Questo trattamento non frenò lo zelo di Lejeune che continuò a lavorare e a viaggiare per testimoniare la dignità inviolabile della vita umana. Paolo VI lo nominò nel 1974 membro della Pontificia Accademia delle scienze e Giovanni Paolo II nel 1994 primo presidente della Pontificia Accademia per la vita. Due Papi santi che riconobbero molto lucidamente il valore di uno scienziato ora anch’egli incamminato verso gli altari.

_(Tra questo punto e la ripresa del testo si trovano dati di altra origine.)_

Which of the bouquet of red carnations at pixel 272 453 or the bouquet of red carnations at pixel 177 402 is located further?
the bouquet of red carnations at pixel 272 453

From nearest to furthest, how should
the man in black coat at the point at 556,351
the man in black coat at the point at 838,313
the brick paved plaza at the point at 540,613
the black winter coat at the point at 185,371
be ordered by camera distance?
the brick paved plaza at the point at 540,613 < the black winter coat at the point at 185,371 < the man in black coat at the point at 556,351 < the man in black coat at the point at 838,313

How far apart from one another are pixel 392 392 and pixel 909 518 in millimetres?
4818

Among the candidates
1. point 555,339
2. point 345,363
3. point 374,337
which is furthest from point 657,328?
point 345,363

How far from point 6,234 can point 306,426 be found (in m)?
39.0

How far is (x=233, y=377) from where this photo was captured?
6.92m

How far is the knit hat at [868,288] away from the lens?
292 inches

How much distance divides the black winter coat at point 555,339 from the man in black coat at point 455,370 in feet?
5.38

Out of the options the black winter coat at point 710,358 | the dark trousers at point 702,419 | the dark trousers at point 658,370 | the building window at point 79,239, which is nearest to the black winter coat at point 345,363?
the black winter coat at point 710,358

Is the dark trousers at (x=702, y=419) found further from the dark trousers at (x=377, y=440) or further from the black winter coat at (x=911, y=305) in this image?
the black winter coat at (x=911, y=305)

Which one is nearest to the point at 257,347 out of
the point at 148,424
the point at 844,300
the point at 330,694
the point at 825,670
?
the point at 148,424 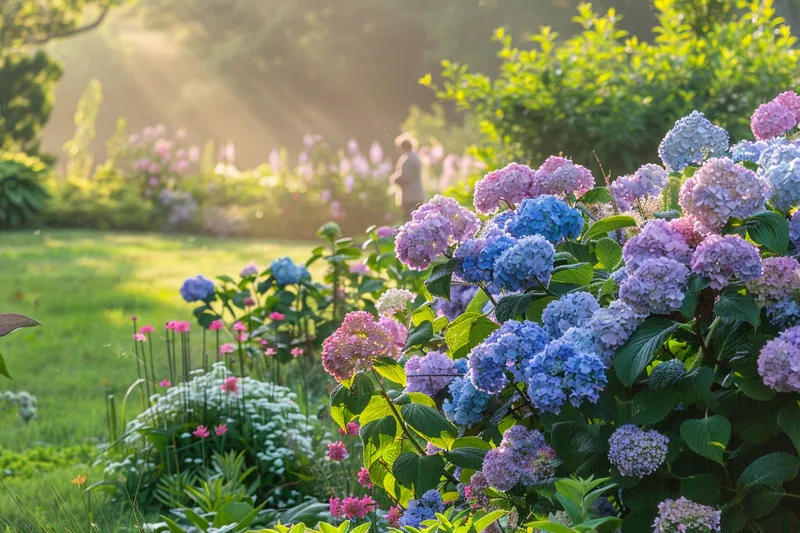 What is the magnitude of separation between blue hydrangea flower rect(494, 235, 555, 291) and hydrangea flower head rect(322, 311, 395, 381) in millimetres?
393

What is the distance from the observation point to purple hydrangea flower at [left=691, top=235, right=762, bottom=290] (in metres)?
1.88

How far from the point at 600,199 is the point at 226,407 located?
1981 mm

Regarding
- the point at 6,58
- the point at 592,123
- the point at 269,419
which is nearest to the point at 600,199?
the point at 269,419

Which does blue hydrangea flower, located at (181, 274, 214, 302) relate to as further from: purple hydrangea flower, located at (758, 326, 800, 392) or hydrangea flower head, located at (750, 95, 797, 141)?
purple hydrangea flower, located at (758, 326, 800, 392)

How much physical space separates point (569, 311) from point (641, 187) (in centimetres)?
74

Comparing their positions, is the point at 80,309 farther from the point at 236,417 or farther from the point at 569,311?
the point at 569,311

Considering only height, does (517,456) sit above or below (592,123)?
below

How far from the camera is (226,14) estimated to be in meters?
32.9

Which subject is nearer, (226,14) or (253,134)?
(226,14)

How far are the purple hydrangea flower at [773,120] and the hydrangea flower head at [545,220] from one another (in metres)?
0.79

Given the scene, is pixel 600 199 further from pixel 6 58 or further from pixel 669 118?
pixel 6 58

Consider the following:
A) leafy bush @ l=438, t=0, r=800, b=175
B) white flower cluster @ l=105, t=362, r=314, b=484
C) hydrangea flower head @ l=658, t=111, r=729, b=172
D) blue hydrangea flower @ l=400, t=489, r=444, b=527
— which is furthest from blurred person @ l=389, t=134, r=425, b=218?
blue hydrangea flower @ l=400, t=489, r=444, b=527

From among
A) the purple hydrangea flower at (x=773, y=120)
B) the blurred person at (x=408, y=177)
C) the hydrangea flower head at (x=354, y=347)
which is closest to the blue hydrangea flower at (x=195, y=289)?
the hydrangea flower head at (x=354, y=347)

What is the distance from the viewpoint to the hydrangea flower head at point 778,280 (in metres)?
1.94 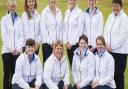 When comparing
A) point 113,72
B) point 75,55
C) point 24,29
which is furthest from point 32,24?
point 113,72

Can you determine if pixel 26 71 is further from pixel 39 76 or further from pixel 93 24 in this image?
pixel 93 24

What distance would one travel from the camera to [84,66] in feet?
28.4

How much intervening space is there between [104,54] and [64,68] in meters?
0.83

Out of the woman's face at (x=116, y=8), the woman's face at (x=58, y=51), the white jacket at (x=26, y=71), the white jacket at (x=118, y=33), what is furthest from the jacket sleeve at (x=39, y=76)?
the woman's face at (x=116, y=8)

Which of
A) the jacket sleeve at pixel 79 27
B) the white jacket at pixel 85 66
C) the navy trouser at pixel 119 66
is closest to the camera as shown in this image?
the white jacket at pixel 85 66

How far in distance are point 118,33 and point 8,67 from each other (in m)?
2.39

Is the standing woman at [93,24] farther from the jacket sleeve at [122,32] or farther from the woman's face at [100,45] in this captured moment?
the woman's face at [100,45]

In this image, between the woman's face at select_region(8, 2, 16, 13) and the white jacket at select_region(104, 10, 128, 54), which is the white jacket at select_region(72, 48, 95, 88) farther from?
the woman's face at select_region(8, 2, 16, 13)

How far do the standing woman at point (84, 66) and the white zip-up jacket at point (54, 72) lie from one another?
230 millimetres

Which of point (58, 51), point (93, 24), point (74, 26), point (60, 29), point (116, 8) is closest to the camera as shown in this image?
point (58, 51)

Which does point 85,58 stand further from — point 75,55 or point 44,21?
point 44,21

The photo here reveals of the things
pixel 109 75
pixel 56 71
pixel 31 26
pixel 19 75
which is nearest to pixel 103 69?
pixel 109 75

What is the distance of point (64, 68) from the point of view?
872 cm

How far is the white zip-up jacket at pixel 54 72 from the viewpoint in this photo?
336 inches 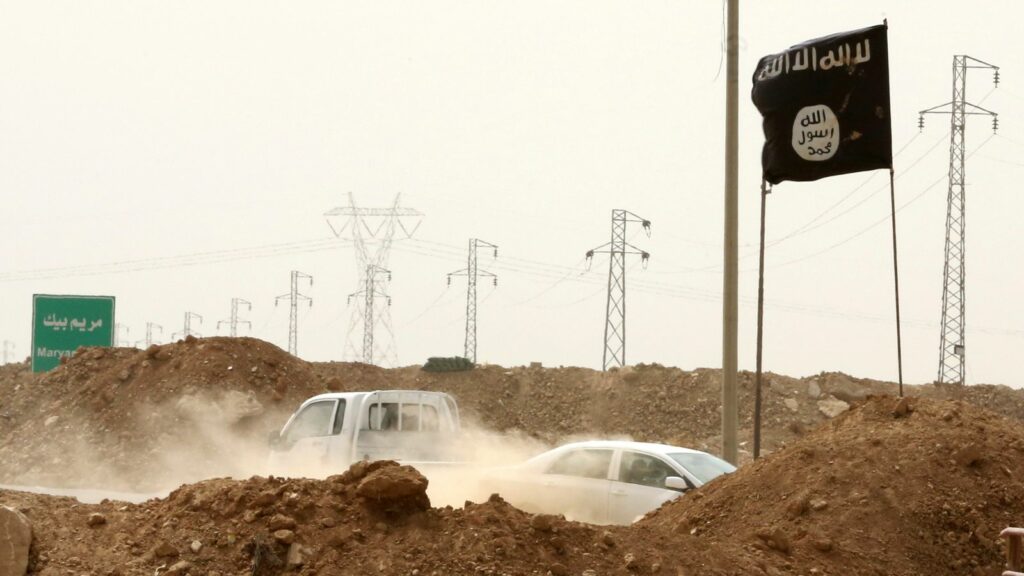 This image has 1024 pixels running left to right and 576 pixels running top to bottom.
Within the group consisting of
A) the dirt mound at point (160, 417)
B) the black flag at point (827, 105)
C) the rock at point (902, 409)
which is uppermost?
the black flag at point (827, 105)

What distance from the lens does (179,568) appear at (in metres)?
8.34

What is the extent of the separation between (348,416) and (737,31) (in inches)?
286

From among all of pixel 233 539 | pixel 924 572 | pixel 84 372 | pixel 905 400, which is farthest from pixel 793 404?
pixel 233 539

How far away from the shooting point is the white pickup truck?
16.5 m

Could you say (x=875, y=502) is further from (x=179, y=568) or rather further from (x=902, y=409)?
(x=179, y=568)

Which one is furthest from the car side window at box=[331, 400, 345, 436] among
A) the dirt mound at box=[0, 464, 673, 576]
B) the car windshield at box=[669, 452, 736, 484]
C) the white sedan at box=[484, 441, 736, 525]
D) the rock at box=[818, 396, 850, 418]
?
the rock at box=[818, 396, 850, 418]

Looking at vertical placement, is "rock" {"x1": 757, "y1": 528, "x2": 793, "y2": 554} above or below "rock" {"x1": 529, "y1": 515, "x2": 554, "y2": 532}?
below

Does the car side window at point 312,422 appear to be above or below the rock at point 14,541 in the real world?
above

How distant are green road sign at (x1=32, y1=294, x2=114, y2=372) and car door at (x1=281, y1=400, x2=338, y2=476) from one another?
68.1ft

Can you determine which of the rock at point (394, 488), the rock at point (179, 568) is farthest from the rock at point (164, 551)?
the rock at point (394, 488)

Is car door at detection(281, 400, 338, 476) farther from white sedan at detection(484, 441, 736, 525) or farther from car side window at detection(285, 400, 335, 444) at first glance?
white sedan at detection(484, 441, 736, 525)

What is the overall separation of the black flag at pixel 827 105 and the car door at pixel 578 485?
4.24 metres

Lejeune era uomo di preghiera, di partecipazione assidua alla Messa, devoto particolarmente di san Vincenzo de’ Paoli e san Tommaso Moro. Morì il 3 aprile 1994 dopo un cancro fulminante. Scrive sempre il dicastero delle cause dei santi: «Era ben consapevole della necessità di portare la croce per seguire il Signore, e questo non lo spaventava, anzi gli dava la forza per affrontare con ottimismo e determinazione le difficoltà e le avversità. L’esercizio eroico della virtù della speranza rifulse soprattutto di fronte alla malattia e alla morte, quando era ancora in piena attività. Accettò tutto questo con esemplare serenità interiore, preparandosi al meglio al passaggio alla vita eterna, edificando soprattutto i propri familiari, per il modo eccellente in cui egli si era rimesso nelle mani del Signore e della Santa Vergine».